Throughout the talk, Dr. Sandor returned to a message for students: question the status quo, focus relentlessly on solving one problem at a time, and look for the coalitions of winners that make change possible. “As young minds, do not accept the proven status quo,” he told the audience. “Your job is to question it always.”
Asked by Dean Chapin why he remains optimistic about climate challenges despite rising greenhouse gas emissions, Dr. Sandor pointed to the students in the room. He noted that today’s largest technology companies, including Google, Microsoft, and Nvidia, have become among the world’s largest electricity consumers through their data centers, and are also now the largest buyers in the voluntary carbon market, funding rainforest preservation in Africa and South America and cook stoves for rural communities in India. He argued that the next generation of consumers and innovators will drive the next wave of environmental finance solutions. “It’s a bad bet to bet against your generation,” Dr. Sandor said. “You are the best and the brightest.”

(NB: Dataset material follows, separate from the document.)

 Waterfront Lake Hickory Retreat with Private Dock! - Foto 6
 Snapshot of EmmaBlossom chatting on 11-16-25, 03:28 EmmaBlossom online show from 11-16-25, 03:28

Dr. Sandor is CEO of Environmental Financial Products, which was the incubator to the Chicago Climate Exchange and the American Financial Exchange. He also serves as the Aaron Director Lecturer in Law and Economics at the University of Chicago Law School and as an honorary professor at the School of Economics at Fudan University and the University of Hong Kong. Known worldwide as the “Father of Financial Futures,” he was named a “Hero of the Planet” by Time magazine in 2002 and one of the magazine’s “Heroes of the Environment” in 2007. In October 2013, he was awarded the title of Chevalier de la Légion d’Honneur (Knight of the Legion of Honor) in France for his accomplishments in environmental finance and carbon trading.
The event was hosted by FSU’s College of Social Sciences and Public Policy, reflecting the college’s commitment to bringing distinguished voices in finance, economics, and public policy to campus.